As a registered nurse I know that we acknowledge bipolar (manic depressive illness) to be a disorder that takes you from feelings of high mania to depths of depression. This is true. I know this because I have suffered with this disease since I was 21 years old.
However, I would like to look at it from a side view; a horizontal perspective versus the conventional vertical understanding. Although someone may not be experiencing highs and lows, they may continue to experience left to right periods of negative and positive productivity and satisfaction with interrelationships. As a consumer I can see these sides of the illness as clearly as the practitioner sees the highs and lows.

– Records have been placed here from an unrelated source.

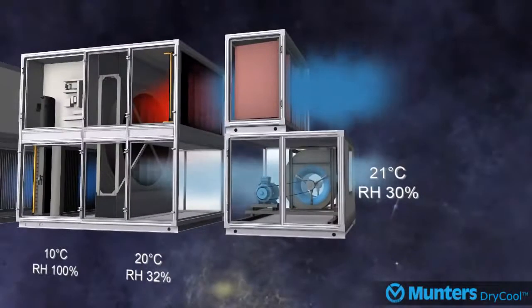Further in the system, as the air moves through the desiccant wheel, the air is further dehumidified and slightly heated up — in this example to 20 degrees Celsius 32% RH — before exiting the system and supplying air to the room at 21 degrees Celsius 30% RH.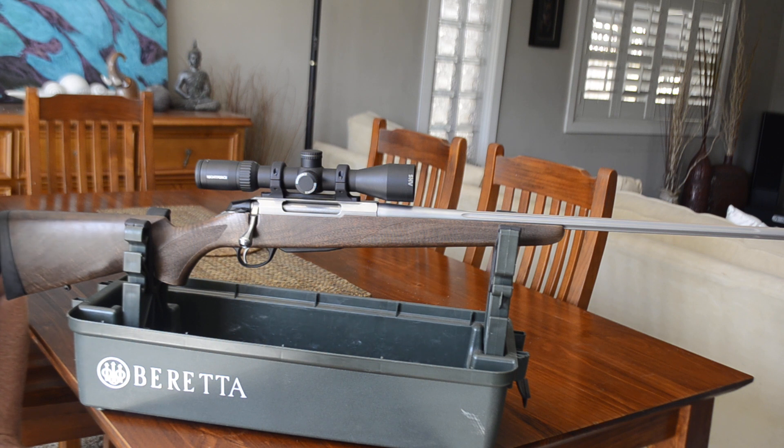There's no scope on it, but as you can see I've got a scope on the top. The scope I have on there is a Nightforce SHV 3 to 10 by 42, and my total weight comes in at around 3.6 to 3.7 kilos, which is nice and light for a hunting rifle that's going to be carried around most of the time.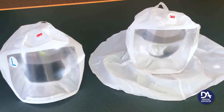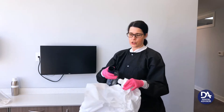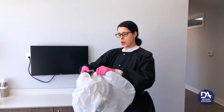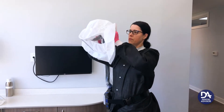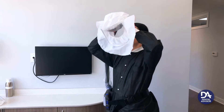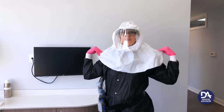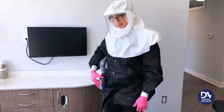Now I'm going to put on the shrouded hood. The same way, you're just going to squeeze the blue plastic piece and put it on there and tighten it up. For this one, it's a little bit easier if you place it straight over the top of your head and then put it under your chin, and turn it on.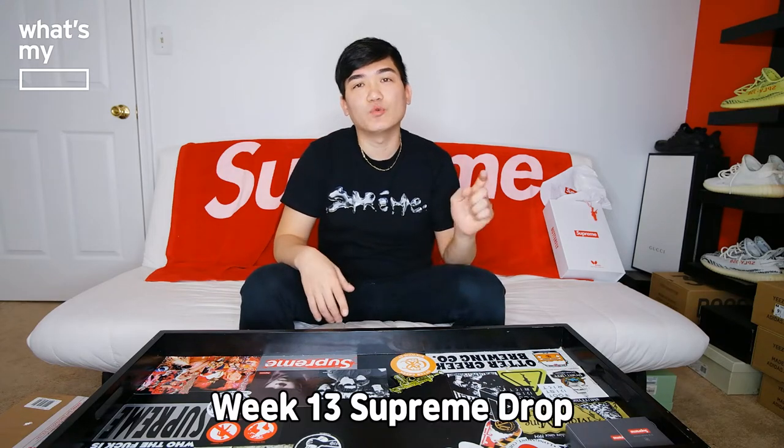Hey guys! Today's What's My Blank is Week 13 Supreme Drop. There was absolutely nothing to get for Week 13. Honestly, I don't even know why I got this myself. But I was on a time crunch. I just bought two items. I just put them in the cart without even looking at the price and checked out. What a regret I had.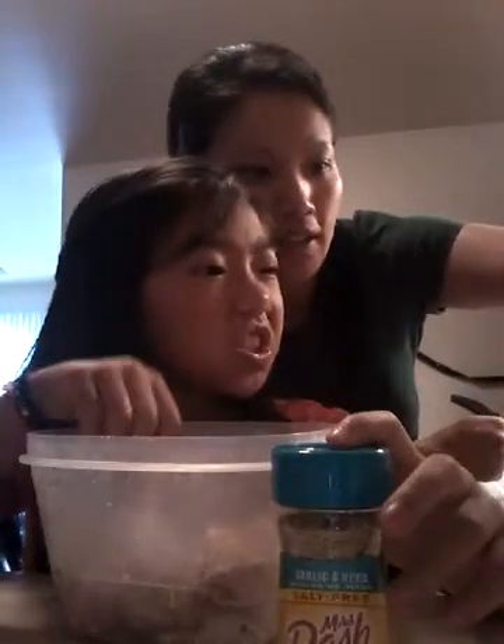Hi guys, so right now I'm just seasoning some chicken. I use this thing from Triggs — it's called Johnny Seasoning Salt.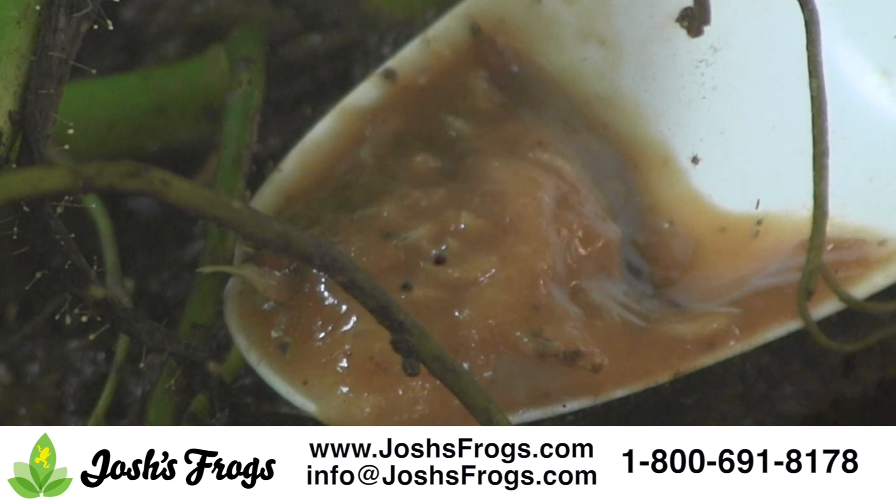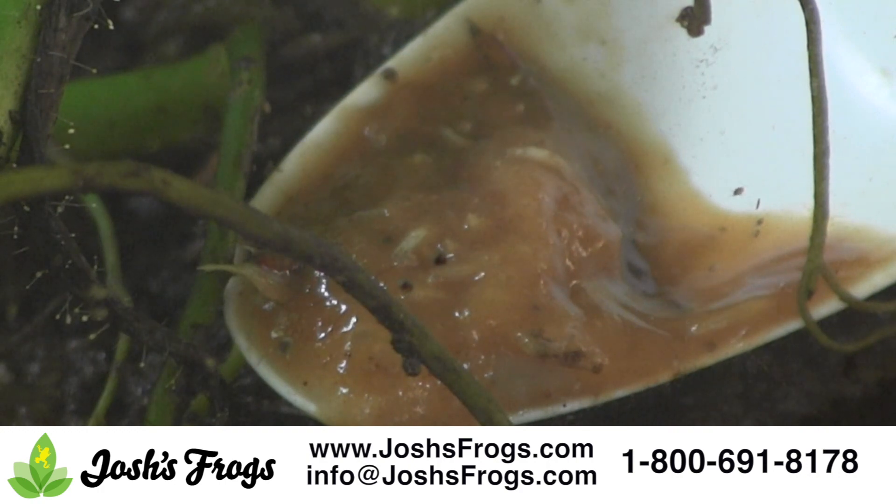Do not feed fruit fly larvae to frogs too often, as they are very high in fat compared to adult flies, but they're a great backup food source when you're in a pinch.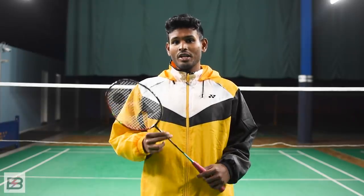Hey guys, my name is Sarwan. Today I'm going to show you some cool service return shots that you can use against your friends.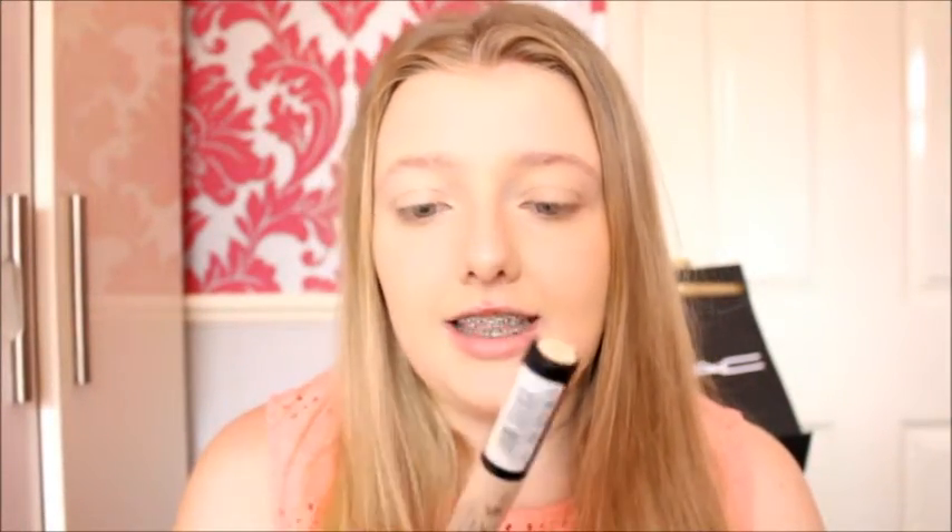Now I'm going to put some concealer on, and my favourite is the Lasting Perfection Concealer by Collection. I just put this under my eyes and down my nose. This is mainly for brightening, because it's about two shades lighter than my foundation.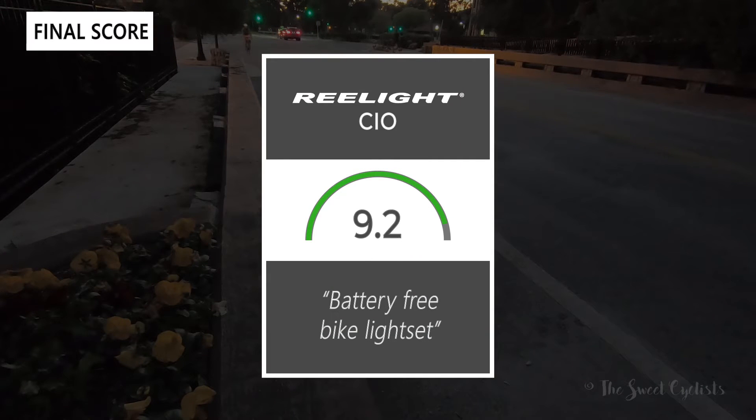Taking everything into account, I'd give the CIO lights an 8.3 out of 10. These are a really cool battery-free bike light set — great theft-resistant mounting and cleverly packaged. Definitely recommend them as a secondary light you can leave on your bike and forget about it. Thanks for watching; don't forget to like and subscribe. Visit TheSweetCyclist.com or follow us on Instagram at TheSweetCyclist. This is TheSweetCyclist reminding you to enjoy the ride.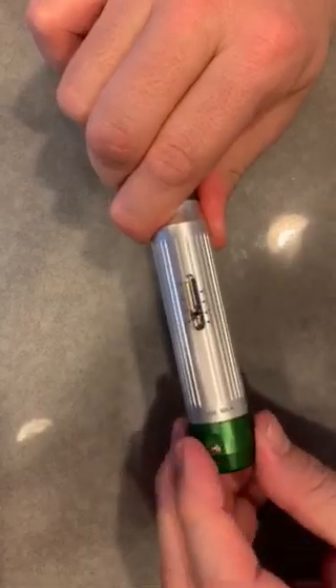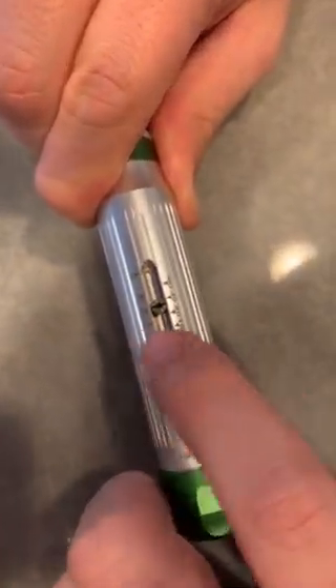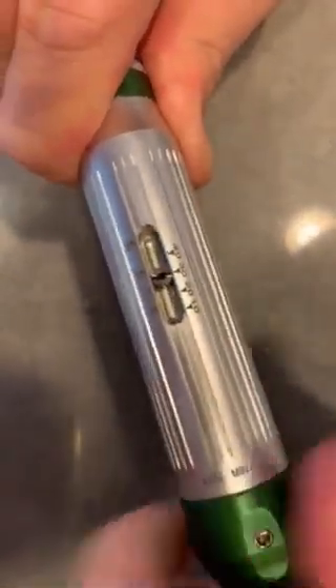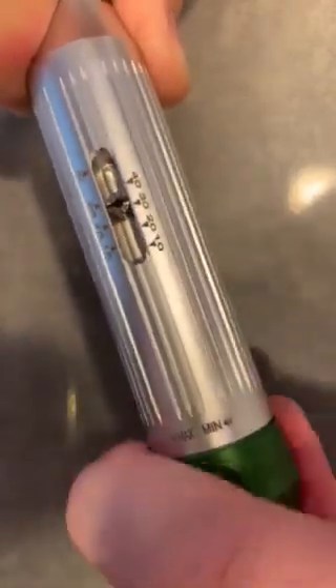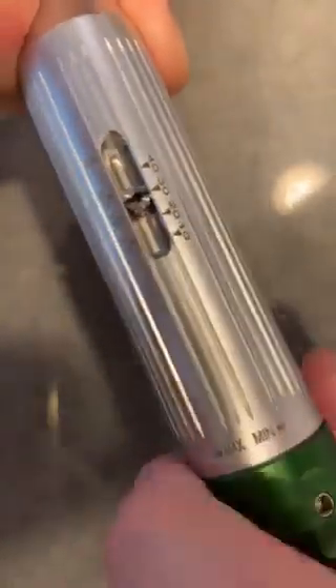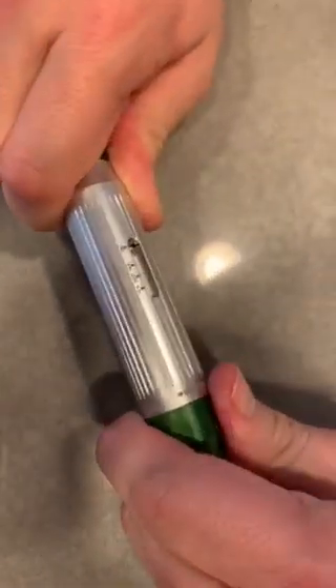the grid knob turns towards maximum rotation to increase the torque. You can set it at a certain torque by turning it towards the maximum orientation. If you want to reduce it, go towards the minimum rotation. You can see the indicator moving up and down to set the torque. The infinity setting means there's no torque limit, so it functions like a ratchet — you can use it as a ratchet function as well.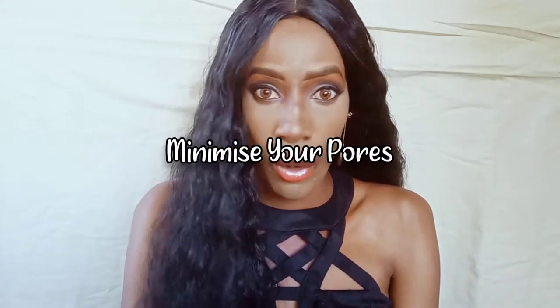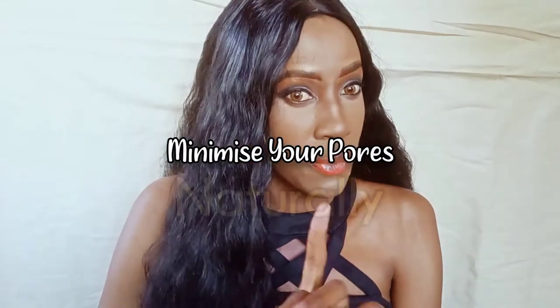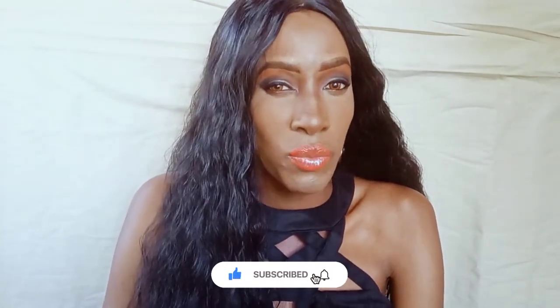Hi guys, welcome back to my YouTube channel. My name is Naninga Koei. Thank you so much for joining me again today. So if you're actually suffering from massive pores like me, welcome, have a seat, take your cup of coffee or tea. I'm going to give you some real tea on how you can get rid of your massive pores. Make sure you hit the subscribe button before you leave this page.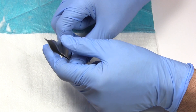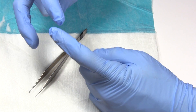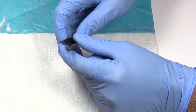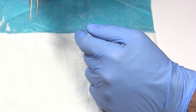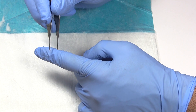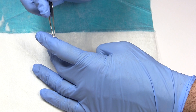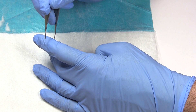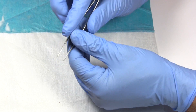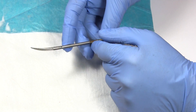You need some tissue forceps or pickups. These have teeth on the end — usually a two-tooth side and a one-tooth side that go into each other. One thing to note: you want to try not to crush the tissue. If my finger is the wound edge, you don't want to grab and crush the skin edge because that causes damage. Ideally, just pick it up with the bottom end — that's a lot kinder to the tissue.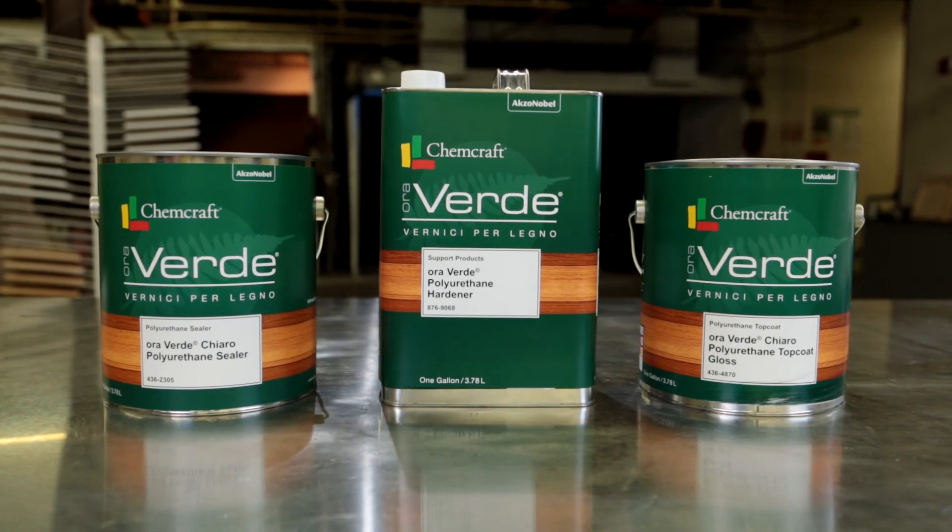If you are looking for a tough, durable coating system that is easily applied and will give your customer a product that can look beautiful and last for years, then two-part Averde polyurethane is the coating you are looking for.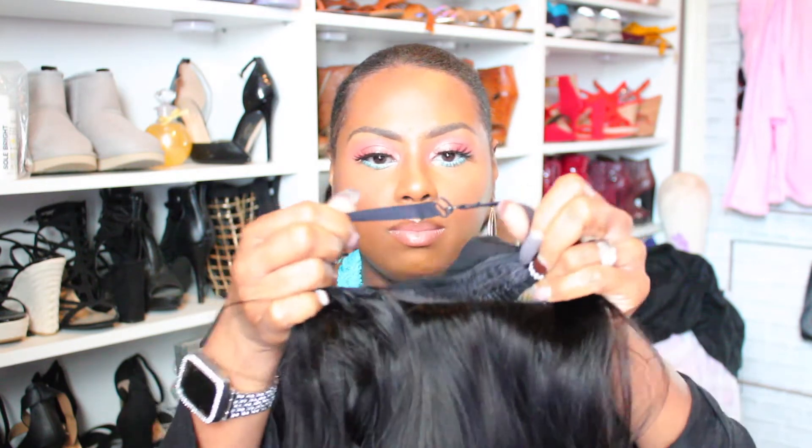I'm going to go ahead and just pop this on my head. I like to do my elastic bands like this — it makes it a little more tighter for me. This is my first time using one of these wigs so this is going to be a learning experience for me, but I do like the fact that I don't have to do anything with lace, so that's already kind of easy breezy for me.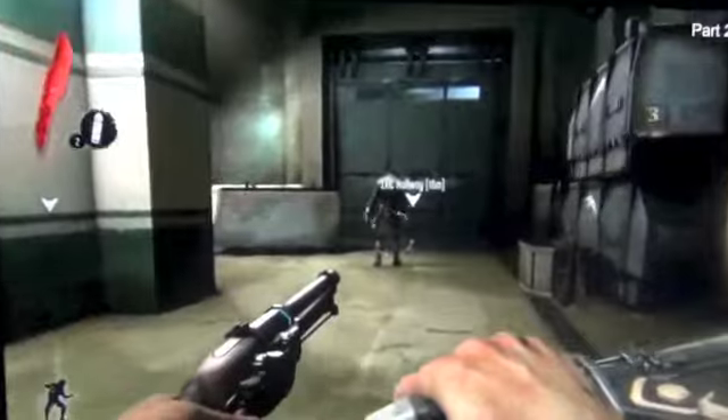Should I try to sneak past? Yeah, go for a non-legal takedown. Okay. Oh! Forget it! Rage Massacre!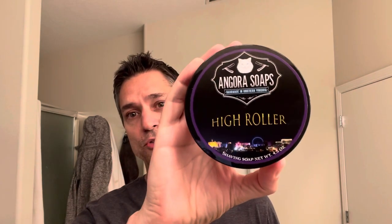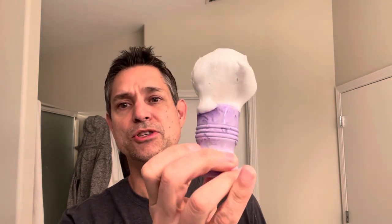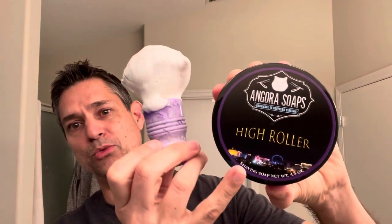In today's video we're going to be using Angora Soap's High Roller along with the matching High Roller Splash. We have the Smiles for Miles synthetic brush — I figured the purple kind of matches the purple ring around the Angora Soap. We are all lathered up here in the bowl, and we made a very nice lather today.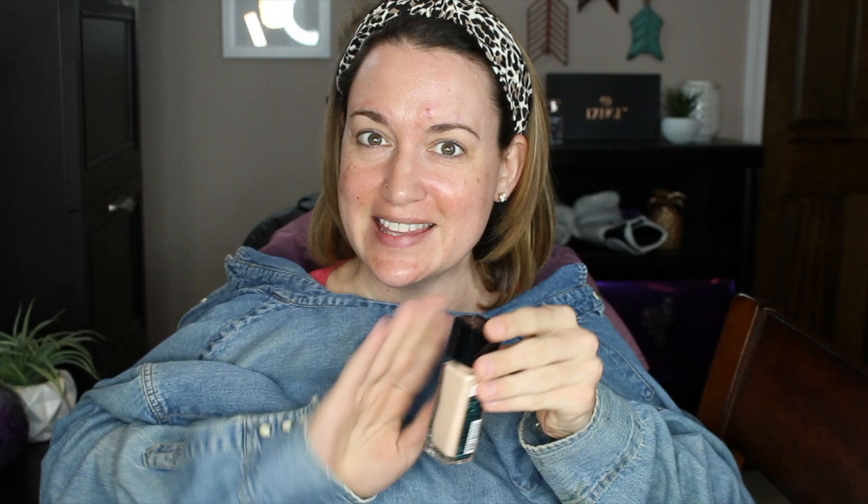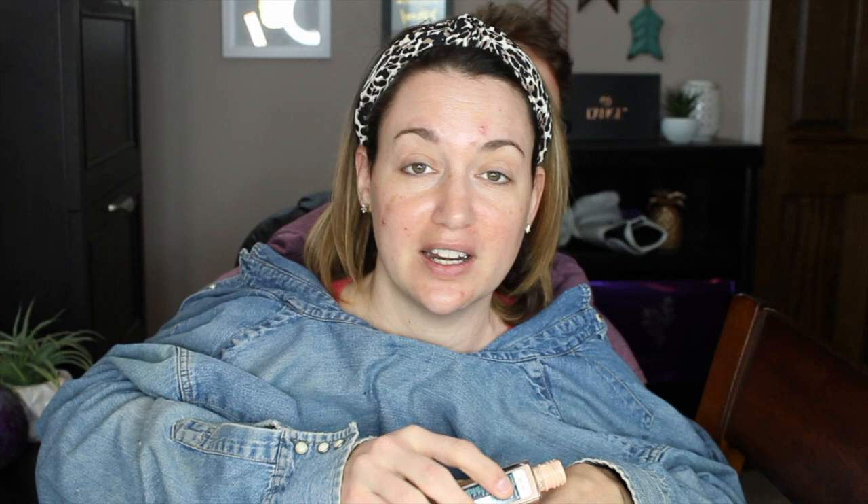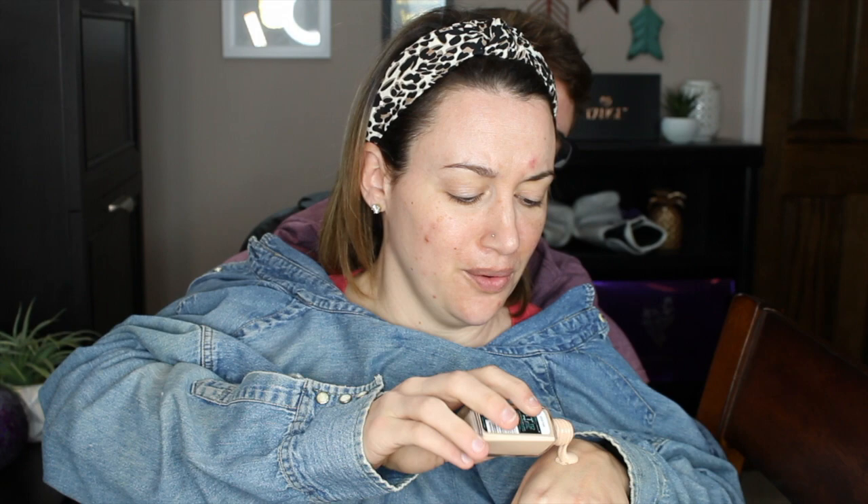Okay, so we're gonna go in first with foundation. This is the Maybelline Fit Me Matte and Poreless in the shade 112, which is Natural Ivory. The cap is off, great! We're going to apply this with a beauty blender. We're going to pour this out on the back of the hand — just gonna tap a little bit more out. Oh whoa, okay, that might be a little much, but we're going for really heavy coverage today.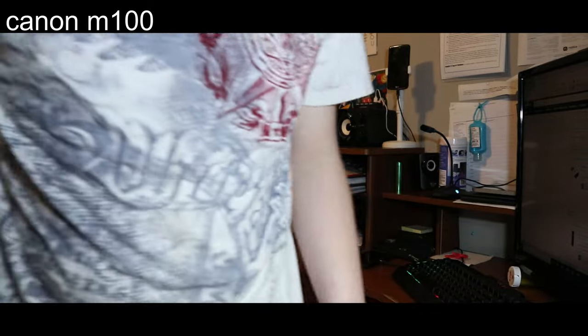Now you get to see the quality of pretty much both cameras. This one probably looked bad the whole time — but there you go, you get to actually see it fair and square now.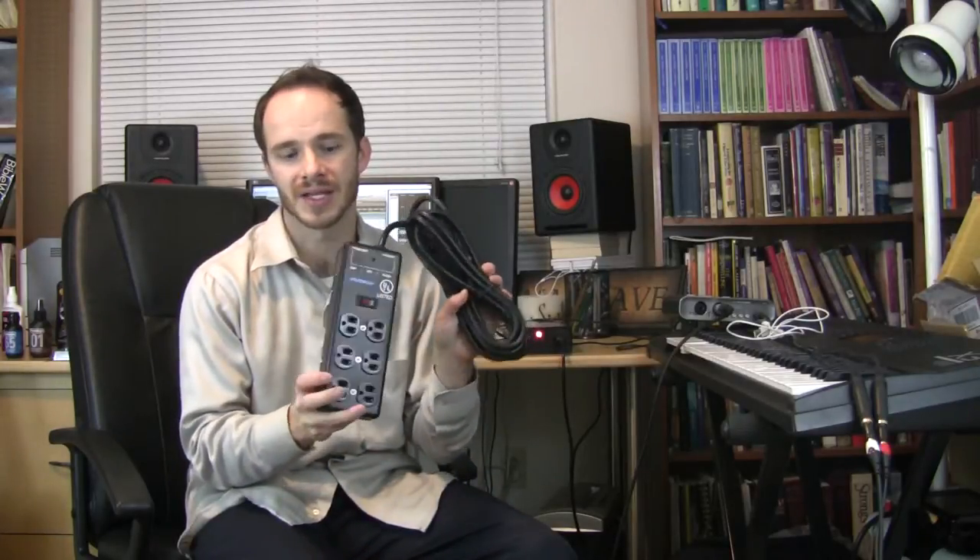Hello, this is Jared Stepp with facebook.com/jaredsteppmusic and this time I'm doing a review of a product. This is a Furman SS6B power strip, power supply steel.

When assessing patients with bipolar disorder also evaluate their ability to move to the positive or productive side. Besides their meds, what keeps them further to the right? What keeps them away from becoming unproductive? They might not necessarily be depressed, but just not up to speed.
The treatments for staying to the right, not manic or hypomanic, but rather active and productive, are of course staying on their meds, but also doing things in some sense of order that works for them. What gives them a sense of control that keeps them productive and keeps them from sliding into the mundane? Knowing when one is sliding to the left is not necessarily becoming depressed and necessitating more medication. It is cognitive awareness that activity is slowing and acknowledgment is the start of movement back towards productivity.
If someone can identify what is stopping his productivity, what is the obstacle, he can begin to remove the obstacle or work around it. If someone identifies that a particular activity or person/persons helps her to be more productive, she knows where to go when her productivity has shifted to the left.
The cornerstone of treatment for the person with bipolar disorder is medication and psychotherapy. Meditation, self-help reading, group support, family and friends, church and other social systems are all part of a patient's recovery and staying well. Beyond all of these, the patient is an individual that can function independently in society.
I only suggest that beyond the highs and lows, there is a daily quality that we also need to consider. Keeping life productive...not just medicated. I know both sides and understand.